La victime et ses proches ont droit, à certaines conditions, à une indemnisation pour les dommages ayant résulté de l’infraction (perte de salaire, frais de traitement, frais funéraires, etc.), à l’exception des dommages matériels. L’indemnisation est calculée en fonction du revenu. Lorsque la gravité de l’atteinte le justifie, la victime ou ses proches peuvent en outre bénéficier d’une réparation morale. Les montants accordés en Suisse à ce titre ne sont pas très élevés et donc controversés. Il faut cependant noter qu’il ne s’agit pas d’une assurance qui verse une réparation, mais d’un geste de solidarité de l’État qui reconnaît par là la situation difficile de la victime.
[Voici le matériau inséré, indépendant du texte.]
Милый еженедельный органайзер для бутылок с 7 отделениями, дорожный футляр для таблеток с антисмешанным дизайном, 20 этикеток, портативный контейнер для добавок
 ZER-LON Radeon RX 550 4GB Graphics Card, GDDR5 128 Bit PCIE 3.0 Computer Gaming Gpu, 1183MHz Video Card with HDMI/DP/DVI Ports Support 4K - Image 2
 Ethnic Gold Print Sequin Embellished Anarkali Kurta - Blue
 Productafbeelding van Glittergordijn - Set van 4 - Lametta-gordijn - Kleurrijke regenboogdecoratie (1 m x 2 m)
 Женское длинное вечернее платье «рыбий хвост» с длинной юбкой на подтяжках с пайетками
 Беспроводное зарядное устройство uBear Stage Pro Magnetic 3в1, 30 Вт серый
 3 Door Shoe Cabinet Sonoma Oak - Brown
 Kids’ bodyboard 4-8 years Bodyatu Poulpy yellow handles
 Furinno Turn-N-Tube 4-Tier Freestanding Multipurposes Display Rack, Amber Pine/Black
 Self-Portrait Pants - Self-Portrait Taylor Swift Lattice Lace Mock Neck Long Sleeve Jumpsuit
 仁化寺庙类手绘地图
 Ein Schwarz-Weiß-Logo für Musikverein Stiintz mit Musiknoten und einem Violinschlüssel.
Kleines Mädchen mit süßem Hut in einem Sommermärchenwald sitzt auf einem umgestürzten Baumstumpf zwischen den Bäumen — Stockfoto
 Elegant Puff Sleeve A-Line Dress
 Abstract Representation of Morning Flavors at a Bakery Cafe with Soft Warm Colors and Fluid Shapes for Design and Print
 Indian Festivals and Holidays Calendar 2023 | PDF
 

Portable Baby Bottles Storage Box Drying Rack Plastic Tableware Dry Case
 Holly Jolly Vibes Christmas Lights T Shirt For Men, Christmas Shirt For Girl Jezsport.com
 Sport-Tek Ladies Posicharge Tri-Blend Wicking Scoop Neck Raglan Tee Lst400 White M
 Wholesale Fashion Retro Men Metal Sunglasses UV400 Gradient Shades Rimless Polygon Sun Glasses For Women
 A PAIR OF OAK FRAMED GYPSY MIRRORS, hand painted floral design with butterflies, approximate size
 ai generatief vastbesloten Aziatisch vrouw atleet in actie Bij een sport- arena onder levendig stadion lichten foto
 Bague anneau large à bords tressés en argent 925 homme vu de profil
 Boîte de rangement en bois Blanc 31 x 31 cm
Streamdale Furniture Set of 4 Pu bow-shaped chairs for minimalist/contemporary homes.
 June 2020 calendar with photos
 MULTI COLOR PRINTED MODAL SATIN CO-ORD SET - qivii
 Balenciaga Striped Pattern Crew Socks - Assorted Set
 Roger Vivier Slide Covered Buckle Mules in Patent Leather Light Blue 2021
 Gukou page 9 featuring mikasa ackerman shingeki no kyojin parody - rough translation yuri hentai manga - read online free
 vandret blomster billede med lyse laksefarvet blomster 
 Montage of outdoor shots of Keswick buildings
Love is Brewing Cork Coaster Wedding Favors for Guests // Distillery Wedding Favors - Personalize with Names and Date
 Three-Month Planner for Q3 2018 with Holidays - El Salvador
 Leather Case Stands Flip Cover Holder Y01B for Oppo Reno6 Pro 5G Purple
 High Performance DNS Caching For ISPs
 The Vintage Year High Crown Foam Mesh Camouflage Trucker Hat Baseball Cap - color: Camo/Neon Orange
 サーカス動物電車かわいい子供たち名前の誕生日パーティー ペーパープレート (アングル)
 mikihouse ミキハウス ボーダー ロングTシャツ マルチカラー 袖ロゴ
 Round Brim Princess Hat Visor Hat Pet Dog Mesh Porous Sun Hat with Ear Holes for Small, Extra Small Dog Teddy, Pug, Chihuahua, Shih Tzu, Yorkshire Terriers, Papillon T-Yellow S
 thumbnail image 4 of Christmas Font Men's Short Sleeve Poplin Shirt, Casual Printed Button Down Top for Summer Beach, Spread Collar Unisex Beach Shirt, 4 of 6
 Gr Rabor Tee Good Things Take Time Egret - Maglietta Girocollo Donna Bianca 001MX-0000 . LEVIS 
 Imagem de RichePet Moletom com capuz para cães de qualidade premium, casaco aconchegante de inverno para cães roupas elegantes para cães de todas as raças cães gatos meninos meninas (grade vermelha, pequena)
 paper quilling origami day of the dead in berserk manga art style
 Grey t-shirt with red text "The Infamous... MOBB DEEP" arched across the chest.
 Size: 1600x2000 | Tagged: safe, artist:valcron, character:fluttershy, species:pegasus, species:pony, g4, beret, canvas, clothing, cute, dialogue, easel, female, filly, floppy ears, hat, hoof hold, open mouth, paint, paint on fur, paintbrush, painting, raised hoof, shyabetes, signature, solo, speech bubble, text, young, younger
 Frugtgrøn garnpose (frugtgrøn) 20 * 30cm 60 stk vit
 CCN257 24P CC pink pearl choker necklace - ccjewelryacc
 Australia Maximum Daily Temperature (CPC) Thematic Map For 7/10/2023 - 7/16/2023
Les demandes d’indemnisation et de réparation doivent être introduites au plus tard cinq ans suivant la date de l’infraction. La personne qui a subi une atteinte grave en tant qu’enfant peut introduire une telle demande jusqu’au jour de ses 25 ans.

Dans le cadre d’une procédure pénale, la victime jouit de droits particuliers. Parmi les plus importants, mentionnons le droit de se faire accompagner par une personne de confiance à toutes les auditions, le droit de refuser la confrontation avec le·la prévenu·e, d’être interrogé·e par une personne du même sexe, le droit au huis-clos dans des circonstances particulières, ainsi que le droit d’obtenir des informations sur la détention, la fuite et la mise en liberté de l’auteur·e. La victime peut participer activement à la procédure pénale en déposant une plainte pénale ou une plainte privée, exiger la condamnation de la personne accusée et faire valoir des prétentions financières.

D’après les centres de consultation LAVI, l’introduction du nouveau Code de procédure pénale a eu pour effet d’affaiblir ce dernier point. Ainsi, de nombreux délits aboutissent à une ordonnance pénale dans laquelle les prétentions financières de la victime ne sont pas prises en compte. Les auteur·e·s d’une évaluation de la LAVI mandatée par la Confédération, publiée en 2015, préconisent le renforcement de la position des victimes. À l’avenir, les prétentions pécuniaires de la victime devraient être réglées directement dans la procédure de l’ordonnance pénale, pour éviter que la victime ne doive les faire valoir dans un procès civil qui peut s’avérer coûteux. Avec la pratique actuelle, la victime n’obtient pas de compensation financière de la personne condamnée et doit recourir à l’aide aux victimes.

Globalement, les auteur·e·s de l’évaluation constatent qu’il n’existe pas de besoin urgent d’agir dans le domaine de l’aide aux victimes. Leur avis rejoint celui des actrices et acteurs du domaine : le dispositif LAVI fonctionne bien en Suisse et les prestations destinées aux victimes sont efficaces.

Références

Berset-Hemmer, V. (2015). Les prestations financières fondées sur la loi sur l’aide aux victimes d’infractions. Lugano : Commissione ticinese per la formazione permanente dei giuristi.

Gomm, P. & Zehntner, D. (Hrsg.) (2009). Kommentar zum Opferhilfegesetz : Bundesgesetz vom 23. März 2007 über die Hilfe an Opfer von Straftaten (3., überarb. Aufl.). Bern : Stämpfli.

Weber, J., Hilf, M. J., Hostettler, U., Sager, F., Geth, C., Leu, N., … & J., Scheidegger, N. S. (2015). Evaluation des Opferhilfegesetzes. Bern : Universität Bern.